**REQUIRED ACTION**
The response must contain every record, repeated exactly.

**PROVIDED DATA**

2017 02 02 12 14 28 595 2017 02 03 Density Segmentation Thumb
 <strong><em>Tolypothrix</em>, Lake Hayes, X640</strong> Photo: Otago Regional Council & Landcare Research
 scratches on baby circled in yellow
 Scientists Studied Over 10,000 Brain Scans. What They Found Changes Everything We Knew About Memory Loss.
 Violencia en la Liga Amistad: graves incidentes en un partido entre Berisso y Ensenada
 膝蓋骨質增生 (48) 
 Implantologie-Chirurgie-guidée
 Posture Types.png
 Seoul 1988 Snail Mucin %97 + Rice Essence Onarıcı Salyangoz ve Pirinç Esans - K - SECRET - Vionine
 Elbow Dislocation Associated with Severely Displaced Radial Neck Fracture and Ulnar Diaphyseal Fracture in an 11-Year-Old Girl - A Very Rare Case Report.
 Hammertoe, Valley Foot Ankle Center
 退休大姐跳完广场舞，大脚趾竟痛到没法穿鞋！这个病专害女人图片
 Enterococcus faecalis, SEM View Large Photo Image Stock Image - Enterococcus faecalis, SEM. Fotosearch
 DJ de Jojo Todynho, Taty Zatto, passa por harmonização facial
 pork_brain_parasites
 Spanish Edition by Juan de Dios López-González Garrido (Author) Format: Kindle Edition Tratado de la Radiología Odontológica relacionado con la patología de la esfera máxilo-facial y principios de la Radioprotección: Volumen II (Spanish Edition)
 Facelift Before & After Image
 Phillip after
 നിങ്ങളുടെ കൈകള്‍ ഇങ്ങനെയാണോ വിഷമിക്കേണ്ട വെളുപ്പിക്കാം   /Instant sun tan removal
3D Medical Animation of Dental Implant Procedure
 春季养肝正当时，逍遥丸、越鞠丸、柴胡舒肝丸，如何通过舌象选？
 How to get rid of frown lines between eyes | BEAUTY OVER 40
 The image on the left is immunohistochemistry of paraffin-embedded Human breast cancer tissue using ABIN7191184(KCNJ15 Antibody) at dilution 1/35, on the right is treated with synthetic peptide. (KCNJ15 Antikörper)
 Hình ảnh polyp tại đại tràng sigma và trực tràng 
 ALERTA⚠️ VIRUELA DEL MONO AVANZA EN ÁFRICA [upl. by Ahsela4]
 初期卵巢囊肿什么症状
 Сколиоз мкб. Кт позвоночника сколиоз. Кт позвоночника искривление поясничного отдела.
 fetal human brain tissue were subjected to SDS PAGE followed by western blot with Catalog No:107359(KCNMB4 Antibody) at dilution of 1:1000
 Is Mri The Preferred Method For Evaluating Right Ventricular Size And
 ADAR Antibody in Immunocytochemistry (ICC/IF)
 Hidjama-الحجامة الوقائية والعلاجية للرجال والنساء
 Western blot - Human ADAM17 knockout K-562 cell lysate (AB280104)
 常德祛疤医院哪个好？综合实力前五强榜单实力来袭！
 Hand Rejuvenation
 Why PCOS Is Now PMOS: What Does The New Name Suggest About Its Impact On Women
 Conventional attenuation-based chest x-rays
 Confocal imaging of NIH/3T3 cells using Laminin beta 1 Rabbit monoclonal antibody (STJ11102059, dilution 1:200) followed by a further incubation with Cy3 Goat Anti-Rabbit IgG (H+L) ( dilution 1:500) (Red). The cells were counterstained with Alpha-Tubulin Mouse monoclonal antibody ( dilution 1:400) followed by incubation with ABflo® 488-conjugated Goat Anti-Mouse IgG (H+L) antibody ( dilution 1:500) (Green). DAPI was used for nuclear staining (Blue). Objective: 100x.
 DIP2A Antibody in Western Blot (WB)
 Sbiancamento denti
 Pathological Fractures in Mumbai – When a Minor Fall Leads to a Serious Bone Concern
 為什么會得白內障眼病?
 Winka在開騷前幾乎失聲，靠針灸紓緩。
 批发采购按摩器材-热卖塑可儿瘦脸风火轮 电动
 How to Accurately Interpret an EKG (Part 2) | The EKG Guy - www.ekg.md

**TASK SOLUTION**
2017 02 02 12 14 28 595 2017 02 03 Density Segmentation Thumb
 <strong><em>Tolypothrix</em>, Lake Hayes, X640</strong> Photo: Otago Regional Council & Landcare Research
 scratches on baby circled in yellow
 Scientists Studied Over 10,000 Brain Scans. What They Found Changes Everything We Knew About Memory Loss.
 Violencia en la Liga Amistad: graves incidentes en un partido entre Berisso y Ensenada
 膝蓋骨質增生 (48) 
 Implantologie-Chirurgie-guidée
 Posture Types.png
 Seoul 1988 Snail Mucin %97 + Rice Essence Onarıcı Salyangoz ve Pirinç Esans - K - SECRET - Vionine
 Elbow Dislocation Associated with Severely Displaced Radial Neck Fracture and Ulnar Diaphyseal Fracture in an 11-Year-Old Girl - A Very Rare Case Report.
 Hammertoe, Valley Foot Ankle Center
 退休大姐跳完广场舞，大脚趾竟痛到没法穿鞋！这个病专害女人图片
 Enterococcus faecalis, SEM View Large Photo Image Stock Image - Enterococcus faecalis, SEM. Fotosearch
 DJ de Jojo Todynho, Taty Zatto, passa por harmonização facial
 pork_brain_parasites
 Spanish Edition by Juan de Dios López-González Garrido (Author) Format: Kindle Edition Tratado de la Radiología Odontológica relacionado con la patología de la esfera máxilo-facial y principios de la Radioprotección: Volumen II (Spanish Edition)
 Facelift Before & After Image
 Phillip after
 നിങ്ങളുടെ കൈകള്‍ ഇങ്ങനെയാണോ വിഷമിക്കേണ്ട വെളുപ്പിക്കാം   /Instant sun tan removal
3D Medical Animation of Dental Implant Procedure
 春季养肝正当时，逍遥丸、越鞠丸、柴胡舒肝丸，如何通过舌象选？
 How to get rid of frown lines between eyes | BEAUTY OVER 40
 The image on the left is immunohistochemistry of paraffin-embedded Human breast cancer tissue using ABIN7191184(KCNJ15 Antibody) at dilution 1/35, on the right is treated with synthetic peptide. (KCNJ15 Antikörper)
 Hình ảnh polyp tại đại tràng sigma và trực tràng 
 ALERTA⚠️ VIRUELA DEL MONO AVANZA EN ÁFRICA [upl. by Ahsela4]
 初期卵巢囊肿什么症状
 Сколиоз мкб. Кт позвоночника сколиоз. Кт позвоночника искривление поясничного отдела.
 fetal human brain tissue were subjected to SDS PAGE followed by western blot with Catalog No:107359(KCNMB4 Antibody) at dilution of 1:1000
 Is Mri The Preferred Method For Evaluating Right Ventricular Size And
 ADAR Antibody in Immunocytochemistry (ICC/IF)
 Hidjama-الحجامة الوقائية والعلاجية للرجال والنساء
 Western blot - Human ADAM17 knockout K-562 cell lysate (AB280104)
 常德祛疤医院哪个好？综合实力前五强榜单实力来袭！
 Hand Rejuvenation
 Why PCOS Is Now PMOS: What Does The New Name Suggest About Its Impact On Women
 Conventional attenuation-based chest x-rays
 Confocal imaging of NIH/3T3 cells using Laminin beta 1 Rabbit monoclonal antibody (STJ11102059, dilution 1:200) followed by a further incubation with Cy3 Goat Anti-Rabbit IgG (H+L) ( dilution 1:500) (Red). The cells were counterstained with Alpha-Tubulin Mouse monoclonal antibody ( dilution 1:400) followed by incubation with ABflo® 488-conjugated Goat Anti-Mouse IgG (H+L) antibody ( dilution 1:500) (Green). DAPI was used for nuclear staining (Blue). Objective: 100x.
 DIP2A Antibody in Western Blot (WB)
 Sbiancamento denti
 Pathological Fractures in Mumbai – When a Minor Fall Leads to a Serious Bone Concern
 為什么會得白內障眼病?
 Winka在開騷前幾乎失聲，靠針灸紓緩。
 批发采购按摩器材-热卖塑可儿瘦脸风火轮 电动
 How to Accurately Interpret an EKG (Part 2) | The EKG Guy - www.ekg.md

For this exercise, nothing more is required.